Thermique Technologies, LLC, is a manufacturing company in Chicago, Illinois, best known for researching and developing new applications for heated glass technology.

== History ==

Thermique Technologies is a wholly owned subsidiary of Engineered Glass Products (EGP), which was founded in 1947 in Chicago. EGP is best known for manufacturing heat-reflective glass panels for use in high-temperature home appliances such as self-cleaning ovens. In 2002, EGP introduced a glass panel that not only reflected heat but also generated it. These glass panels could be used as a heating element in home appliances and other commercial applications. EGP marketed these glass panels under the brand name "Thermique heated glass". The first commercial use of Thermique heated glass was in a display case for warm foods. In 2005, EGP introduced a towel warmer with a glass heating element called the Thermique Towel Warmer. That same year, EGP became the first company to earn UL approval to manufacture a heated glass pane for architectural window units. In 2006, EGP created Thermique Technologies as a separate entity in charge of its heated glass products and product development. EGP also continues to manufacture heat-reflective glass under another subsidiary, Marsco Glass Products.

== Corporate management ==

In 1995, general manager Mike Hobbs engineered a management buyout of EGP, then known as Marsco Manufacturing. As the new owner and CEO, Hobbs invested in developing new technologies to diversify the company's product offerings. He oversaw the development of Thermique heated glass and the creation of Thermique Technologies as a separate entity. Hobbs is CEO of both EGP and Thermique Technologies.

== Heated glass technology ==

Electrically heated glass was first developed in World War II to prevent aircraft windshields from frosting over and obscuring visibility. Since then, this technology has become almost universally used in aviation as well as supermarket freezers, where glass doors must remain clear for customers to see the merchandise.

In order to electrically heat glass, a microscopic tin(II) oxide coating is applied to a pane of ordinary float glass. This coating is perfectly transparent and conducts electricity. An electrical current is supplied by two busbars located on opposite sides of the glass. The electrical resistance of the Tin Oxide coating produces heat energy. This heat radiates from the glass in the form of infrared energy. The busbars are typically connected to a power control unit that regulates the flow of electricity and thus the temperature of the glass.

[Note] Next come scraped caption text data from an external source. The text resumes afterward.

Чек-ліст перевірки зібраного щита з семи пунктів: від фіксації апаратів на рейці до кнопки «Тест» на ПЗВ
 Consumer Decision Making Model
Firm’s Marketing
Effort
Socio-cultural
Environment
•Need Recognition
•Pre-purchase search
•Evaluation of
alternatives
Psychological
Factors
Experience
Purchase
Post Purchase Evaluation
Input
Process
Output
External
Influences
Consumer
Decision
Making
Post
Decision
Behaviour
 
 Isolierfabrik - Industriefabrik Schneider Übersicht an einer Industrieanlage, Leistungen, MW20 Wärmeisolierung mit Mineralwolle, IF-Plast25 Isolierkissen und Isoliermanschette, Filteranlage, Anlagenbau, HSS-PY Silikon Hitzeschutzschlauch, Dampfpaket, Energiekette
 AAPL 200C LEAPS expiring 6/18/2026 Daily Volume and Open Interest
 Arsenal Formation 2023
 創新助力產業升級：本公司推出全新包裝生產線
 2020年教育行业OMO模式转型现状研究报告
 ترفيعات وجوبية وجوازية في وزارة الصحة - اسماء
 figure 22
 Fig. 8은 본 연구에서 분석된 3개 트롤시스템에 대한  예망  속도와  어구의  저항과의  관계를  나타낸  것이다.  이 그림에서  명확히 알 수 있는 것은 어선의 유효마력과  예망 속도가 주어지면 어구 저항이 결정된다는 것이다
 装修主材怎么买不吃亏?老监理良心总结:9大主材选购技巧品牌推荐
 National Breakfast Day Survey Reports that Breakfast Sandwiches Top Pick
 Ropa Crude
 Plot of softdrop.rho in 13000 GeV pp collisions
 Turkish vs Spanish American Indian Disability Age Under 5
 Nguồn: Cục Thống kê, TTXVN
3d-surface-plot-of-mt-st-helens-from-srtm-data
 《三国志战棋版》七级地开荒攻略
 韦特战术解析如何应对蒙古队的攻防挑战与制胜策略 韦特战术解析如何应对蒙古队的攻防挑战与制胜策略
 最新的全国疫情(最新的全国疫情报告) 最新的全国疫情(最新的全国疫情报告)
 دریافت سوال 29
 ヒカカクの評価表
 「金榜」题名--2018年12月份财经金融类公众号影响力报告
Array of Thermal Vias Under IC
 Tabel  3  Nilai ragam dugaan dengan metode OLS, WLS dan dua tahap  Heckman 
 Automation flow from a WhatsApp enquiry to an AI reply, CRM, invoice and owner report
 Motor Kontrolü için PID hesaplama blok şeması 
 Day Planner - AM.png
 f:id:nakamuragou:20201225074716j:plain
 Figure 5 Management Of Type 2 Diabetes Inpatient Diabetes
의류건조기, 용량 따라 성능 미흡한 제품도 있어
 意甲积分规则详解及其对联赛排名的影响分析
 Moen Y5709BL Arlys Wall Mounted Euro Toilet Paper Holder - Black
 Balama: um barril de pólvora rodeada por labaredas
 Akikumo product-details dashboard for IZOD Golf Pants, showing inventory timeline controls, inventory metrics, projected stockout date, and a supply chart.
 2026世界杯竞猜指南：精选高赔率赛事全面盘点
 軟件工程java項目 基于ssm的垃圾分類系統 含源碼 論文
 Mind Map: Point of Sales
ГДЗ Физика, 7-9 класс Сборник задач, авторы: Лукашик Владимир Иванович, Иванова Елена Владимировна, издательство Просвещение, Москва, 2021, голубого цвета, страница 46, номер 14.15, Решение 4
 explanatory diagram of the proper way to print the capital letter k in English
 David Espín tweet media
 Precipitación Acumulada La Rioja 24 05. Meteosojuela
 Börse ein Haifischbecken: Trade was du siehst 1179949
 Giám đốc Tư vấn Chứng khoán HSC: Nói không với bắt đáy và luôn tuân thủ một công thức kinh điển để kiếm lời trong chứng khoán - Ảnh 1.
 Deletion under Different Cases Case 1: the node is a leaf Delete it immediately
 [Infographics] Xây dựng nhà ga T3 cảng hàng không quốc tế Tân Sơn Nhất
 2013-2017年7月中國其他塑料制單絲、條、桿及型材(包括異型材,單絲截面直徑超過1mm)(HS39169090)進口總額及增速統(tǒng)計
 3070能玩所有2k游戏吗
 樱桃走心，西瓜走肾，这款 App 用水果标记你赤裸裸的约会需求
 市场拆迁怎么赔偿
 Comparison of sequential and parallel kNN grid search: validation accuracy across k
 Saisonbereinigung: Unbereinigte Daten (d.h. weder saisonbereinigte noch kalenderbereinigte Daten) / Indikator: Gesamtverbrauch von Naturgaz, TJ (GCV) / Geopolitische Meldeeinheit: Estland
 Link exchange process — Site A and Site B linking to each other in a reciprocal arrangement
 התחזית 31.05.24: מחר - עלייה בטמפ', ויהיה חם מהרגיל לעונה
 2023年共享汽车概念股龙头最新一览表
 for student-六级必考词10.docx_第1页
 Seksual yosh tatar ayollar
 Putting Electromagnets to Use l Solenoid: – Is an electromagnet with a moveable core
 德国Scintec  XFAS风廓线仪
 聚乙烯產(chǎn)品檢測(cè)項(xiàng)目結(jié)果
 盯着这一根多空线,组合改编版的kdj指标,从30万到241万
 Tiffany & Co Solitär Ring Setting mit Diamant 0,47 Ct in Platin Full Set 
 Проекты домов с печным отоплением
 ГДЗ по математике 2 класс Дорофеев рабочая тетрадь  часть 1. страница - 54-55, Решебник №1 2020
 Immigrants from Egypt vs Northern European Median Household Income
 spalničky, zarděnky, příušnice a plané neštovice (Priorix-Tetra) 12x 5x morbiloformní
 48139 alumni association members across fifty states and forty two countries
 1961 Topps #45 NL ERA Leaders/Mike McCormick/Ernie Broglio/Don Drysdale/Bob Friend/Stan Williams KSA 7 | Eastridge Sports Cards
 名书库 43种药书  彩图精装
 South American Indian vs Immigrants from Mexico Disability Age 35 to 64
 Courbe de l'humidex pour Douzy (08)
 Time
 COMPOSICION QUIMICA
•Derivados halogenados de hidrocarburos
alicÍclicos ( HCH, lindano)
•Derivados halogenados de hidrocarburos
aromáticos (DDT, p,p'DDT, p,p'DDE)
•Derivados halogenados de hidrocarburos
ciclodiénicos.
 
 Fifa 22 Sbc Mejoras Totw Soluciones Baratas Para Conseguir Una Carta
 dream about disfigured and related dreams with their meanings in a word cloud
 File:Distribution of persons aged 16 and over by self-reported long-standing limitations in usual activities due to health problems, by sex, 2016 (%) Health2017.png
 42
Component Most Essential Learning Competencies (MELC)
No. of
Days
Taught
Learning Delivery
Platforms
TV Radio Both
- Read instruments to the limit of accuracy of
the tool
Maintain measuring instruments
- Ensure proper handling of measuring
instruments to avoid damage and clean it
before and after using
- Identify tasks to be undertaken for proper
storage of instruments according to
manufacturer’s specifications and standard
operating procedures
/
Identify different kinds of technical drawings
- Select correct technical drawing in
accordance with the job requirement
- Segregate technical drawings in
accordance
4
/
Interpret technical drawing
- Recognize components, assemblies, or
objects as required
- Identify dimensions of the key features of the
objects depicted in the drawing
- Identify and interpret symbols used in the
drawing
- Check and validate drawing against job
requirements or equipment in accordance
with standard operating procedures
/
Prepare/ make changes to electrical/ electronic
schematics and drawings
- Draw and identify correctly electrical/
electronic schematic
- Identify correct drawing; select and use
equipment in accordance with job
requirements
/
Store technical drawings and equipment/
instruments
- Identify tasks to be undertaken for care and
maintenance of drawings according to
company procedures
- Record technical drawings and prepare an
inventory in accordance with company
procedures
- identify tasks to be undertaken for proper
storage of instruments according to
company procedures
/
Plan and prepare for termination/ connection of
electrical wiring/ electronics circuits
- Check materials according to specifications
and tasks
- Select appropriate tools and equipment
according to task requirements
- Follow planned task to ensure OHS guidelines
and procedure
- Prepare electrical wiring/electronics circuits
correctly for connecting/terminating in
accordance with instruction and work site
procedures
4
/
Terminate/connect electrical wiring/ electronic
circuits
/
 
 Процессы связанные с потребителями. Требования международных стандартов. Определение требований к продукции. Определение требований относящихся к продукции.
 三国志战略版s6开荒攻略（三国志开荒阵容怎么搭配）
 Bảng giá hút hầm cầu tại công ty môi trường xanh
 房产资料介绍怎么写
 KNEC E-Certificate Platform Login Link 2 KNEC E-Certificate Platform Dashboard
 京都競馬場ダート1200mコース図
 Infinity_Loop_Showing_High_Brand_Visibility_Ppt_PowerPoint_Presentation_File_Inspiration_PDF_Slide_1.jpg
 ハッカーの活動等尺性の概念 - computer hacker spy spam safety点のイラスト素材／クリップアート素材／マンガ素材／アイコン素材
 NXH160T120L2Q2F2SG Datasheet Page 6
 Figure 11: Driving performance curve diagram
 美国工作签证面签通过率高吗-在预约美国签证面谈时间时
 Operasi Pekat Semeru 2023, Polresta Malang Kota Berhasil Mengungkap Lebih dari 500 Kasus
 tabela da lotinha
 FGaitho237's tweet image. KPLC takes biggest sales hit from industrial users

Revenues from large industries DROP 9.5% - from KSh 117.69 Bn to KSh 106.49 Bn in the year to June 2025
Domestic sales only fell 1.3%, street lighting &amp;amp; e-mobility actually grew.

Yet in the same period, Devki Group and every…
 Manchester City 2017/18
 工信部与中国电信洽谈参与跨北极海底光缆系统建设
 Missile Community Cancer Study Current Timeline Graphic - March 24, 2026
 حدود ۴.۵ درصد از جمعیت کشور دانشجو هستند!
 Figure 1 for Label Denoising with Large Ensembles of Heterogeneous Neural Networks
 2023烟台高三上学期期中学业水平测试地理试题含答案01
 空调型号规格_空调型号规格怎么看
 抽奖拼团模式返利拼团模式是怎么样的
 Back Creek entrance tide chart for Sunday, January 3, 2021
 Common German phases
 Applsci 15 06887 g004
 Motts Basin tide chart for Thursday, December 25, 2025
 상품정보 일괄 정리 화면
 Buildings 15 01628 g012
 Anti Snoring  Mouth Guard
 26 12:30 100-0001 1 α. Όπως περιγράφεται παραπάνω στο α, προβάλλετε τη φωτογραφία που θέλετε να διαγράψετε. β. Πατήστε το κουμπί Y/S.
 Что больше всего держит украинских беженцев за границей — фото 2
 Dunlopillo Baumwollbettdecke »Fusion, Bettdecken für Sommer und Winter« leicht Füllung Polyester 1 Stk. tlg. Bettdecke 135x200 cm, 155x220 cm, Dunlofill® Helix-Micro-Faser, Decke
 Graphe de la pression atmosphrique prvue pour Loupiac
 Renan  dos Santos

Thermique Technologies developed and patented a specialized control unit that provides adjustable temperature control up to 350 F; most commercial applications require much lower temperatures.

== Products ==
Thermique Technologies manufactures a family of patented glass towel warmers for sale directly to consumers.

The company also designs and manufactures custom components for other equipment manufacturers, including heated glass shelving for convenience store display cases and condensation-free panes for use in architectural window units.